[Dataset records]

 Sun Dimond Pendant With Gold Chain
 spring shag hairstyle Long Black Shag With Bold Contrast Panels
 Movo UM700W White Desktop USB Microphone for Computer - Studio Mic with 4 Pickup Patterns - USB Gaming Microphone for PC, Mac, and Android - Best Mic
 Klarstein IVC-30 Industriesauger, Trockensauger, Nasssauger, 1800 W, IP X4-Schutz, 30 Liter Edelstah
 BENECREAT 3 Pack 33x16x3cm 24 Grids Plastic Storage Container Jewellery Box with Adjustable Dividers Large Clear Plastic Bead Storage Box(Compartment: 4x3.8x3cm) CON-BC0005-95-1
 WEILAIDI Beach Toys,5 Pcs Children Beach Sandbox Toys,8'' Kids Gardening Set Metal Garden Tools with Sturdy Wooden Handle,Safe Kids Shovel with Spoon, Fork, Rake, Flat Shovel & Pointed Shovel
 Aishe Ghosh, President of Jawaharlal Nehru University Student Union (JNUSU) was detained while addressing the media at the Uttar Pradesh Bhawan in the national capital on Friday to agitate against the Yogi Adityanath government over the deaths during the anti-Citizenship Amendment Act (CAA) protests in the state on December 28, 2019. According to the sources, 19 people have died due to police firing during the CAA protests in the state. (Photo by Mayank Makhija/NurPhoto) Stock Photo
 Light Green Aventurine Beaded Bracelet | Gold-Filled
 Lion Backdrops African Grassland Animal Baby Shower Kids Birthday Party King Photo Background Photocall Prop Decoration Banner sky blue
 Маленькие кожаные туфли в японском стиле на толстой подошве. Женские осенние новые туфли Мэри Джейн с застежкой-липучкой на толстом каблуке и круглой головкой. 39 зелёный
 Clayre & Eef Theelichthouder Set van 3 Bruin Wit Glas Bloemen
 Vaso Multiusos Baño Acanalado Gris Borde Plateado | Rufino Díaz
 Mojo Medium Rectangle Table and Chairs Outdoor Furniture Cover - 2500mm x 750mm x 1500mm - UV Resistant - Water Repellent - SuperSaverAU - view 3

* _WORK ORDER_
Copy each line of the data that includes the word "Gold".

* _REPLY TO THE TASK_
 Sun Dimond Pendant With Gold Chain
 Light Green Aventurine Beaded Bracelet | Gold-Filled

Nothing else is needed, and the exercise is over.